Os primeiros membros do Ministério Público surgiram no reinado de Felipe
III (1245-1285), da França, sendo denominados procureurs du roi (Procuradores
do Rei). Tratavam-se de juízes, ou magistrados especiais, designados para
proceder à acusação. Mas foi no reinado seguinte, de Felipe IV, o Belo
(1285-1314), que o Ministério Público surgiu como instituição. A Ordenança de
23 de março de 1303 é considerada sua certidão de nascimento, regulando as
competências dos Procuradores do Rei e instituindo o Ministério Público como
magistratura especial, encarregada exclusivamente de perseguir, de ofício, os
delinquentes de delitos conhecidos.
No Brasil, seguindo a mesma linha do Direito francês, os primeiros
membros do Ministério Público eram integrantes do Judiciário designados para
exercer a acusação criminal perante os Juízos onde até então atuavam. São
exemplos disso a Constituição de 1824, que criou o Supremo Tribunal de Justiça
e os Tribunais de Relação, dentre cujos desembargadores eram nomeados os
Procuradores da Coroa, e a Constituição de 1891, que estabeleceu que o
Procurador-Geral da República seria indicado pelo Presidente da República,
devendo a escolha recair na pessoa de um Ministro do Supremo Tribunal Federal.
Nas constituições seguintes, conquanto a ele tenha sido dispensado um
arcabouço normativo significativamente inferior ao do Poder Judiciário, o
Ministério Público foi paulatinamente ganhando autonomia e feição próprias
enquanto instituição, até o advento da Constituição Federal de 1988, que o
colocou como “instituição permanente, essencial à função jurisdicional do
Estado, incumbindo-lhe a defesa da ordem jurídica, do regime democrático e dos
interesses sociais e individuais indisponíveis”. Seus membros e os do
Judiciário permaneceram ostentando garantias comuns, como independência
funcional, vitaliciedade, inamovibilidade e irredutibilidade de subsídios.
De “Procuradores do Rei”, os membros do Ministério Público passaram a
ser chamados Procuradores da República ou Promotores de Justiça, conforme
pertençam ao Ministério Público Federal ou Estadual, respectivamente. A atuação
dos mesmos não mais se restringe à de acusadores no processo criminal.
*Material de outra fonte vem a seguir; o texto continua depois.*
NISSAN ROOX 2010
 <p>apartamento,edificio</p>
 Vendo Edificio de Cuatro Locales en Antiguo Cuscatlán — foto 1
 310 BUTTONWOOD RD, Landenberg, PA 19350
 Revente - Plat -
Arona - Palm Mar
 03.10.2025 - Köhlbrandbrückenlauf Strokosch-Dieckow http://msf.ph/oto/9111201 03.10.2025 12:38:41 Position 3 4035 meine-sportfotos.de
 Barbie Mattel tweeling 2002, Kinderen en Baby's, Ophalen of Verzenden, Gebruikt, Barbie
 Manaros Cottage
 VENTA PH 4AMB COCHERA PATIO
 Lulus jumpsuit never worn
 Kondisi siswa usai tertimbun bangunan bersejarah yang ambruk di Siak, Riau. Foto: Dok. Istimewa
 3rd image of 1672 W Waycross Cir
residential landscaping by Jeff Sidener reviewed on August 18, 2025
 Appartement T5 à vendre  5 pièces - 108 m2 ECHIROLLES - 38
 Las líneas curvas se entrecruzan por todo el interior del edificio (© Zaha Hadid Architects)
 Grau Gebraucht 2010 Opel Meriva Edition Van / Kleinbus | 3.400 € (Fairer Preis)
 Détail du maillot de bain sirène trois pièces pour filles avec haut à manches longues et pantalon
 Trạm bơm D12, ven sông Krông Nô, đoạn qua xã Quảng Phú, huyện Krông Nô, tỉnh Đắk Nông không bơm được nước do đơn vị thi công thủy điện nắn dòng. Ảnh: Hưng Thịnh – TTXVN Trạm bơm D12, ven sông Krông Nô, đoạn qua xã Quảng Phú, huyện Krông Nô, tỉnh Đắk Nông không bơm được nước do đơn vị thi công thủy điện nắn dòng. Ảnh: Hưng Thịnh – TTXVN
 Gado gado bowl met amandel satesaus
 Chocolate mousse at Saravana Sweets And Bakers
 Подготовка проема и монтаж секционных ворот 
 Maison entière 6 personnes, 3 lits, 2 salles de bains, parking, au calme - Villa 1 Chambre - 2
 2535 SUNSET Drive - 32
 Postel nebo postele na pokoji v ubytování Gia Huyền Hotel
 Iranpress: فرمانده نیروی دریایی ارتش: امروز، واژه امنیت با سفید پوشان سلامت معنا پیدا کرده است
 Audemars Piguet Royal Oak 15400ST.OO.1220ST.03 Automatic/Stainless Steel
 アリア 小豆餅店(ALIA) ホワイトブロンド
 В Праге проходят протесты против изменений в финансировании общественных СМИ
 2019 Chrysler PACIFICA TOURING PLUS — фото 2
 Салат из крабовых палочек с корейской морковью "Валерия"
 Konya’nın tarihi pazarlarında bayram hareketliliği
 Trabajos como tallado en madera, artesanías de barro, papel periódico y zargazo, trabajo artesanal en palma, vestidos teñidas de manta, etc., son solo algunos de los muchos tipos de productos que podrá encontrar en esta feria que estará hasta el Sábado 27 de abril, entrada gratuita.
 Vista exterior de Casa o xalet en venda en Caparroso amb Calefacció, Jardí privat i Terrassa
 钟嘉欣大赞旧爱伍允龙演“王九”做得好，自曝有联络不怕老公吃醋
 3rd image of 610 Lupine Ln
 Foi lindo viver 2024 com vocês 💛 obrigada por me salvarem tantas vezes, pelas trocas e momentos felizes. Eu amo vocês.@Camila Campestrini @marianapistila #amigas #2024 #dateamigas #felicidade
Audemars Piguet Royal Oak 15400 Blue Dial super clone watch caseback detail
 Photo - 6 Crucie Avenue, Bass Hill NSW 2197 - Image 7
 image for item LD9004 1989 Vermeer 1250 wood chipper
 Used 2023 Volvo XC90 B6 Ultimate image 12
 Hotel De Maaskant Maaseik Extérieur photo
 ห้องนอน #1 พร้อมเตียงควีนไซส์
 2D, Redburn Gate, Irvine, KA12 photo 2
Com
efeito, atuam agora, com amplos poderes, para prevenir, corrigir e coibir todos
os atos que infringem a lei e que atingem direitos pertencentes a toda a
coletividade – como os relativos ao meio ambiente, à probidade e à regularidade
no serviço público, à saúde, aos direitos do consumidores, dos idosos, deficientes,
crianças e adolescentes -, os quais não têm condições de serem defendidos a
contento, individualmente, pelas pessoas em geral.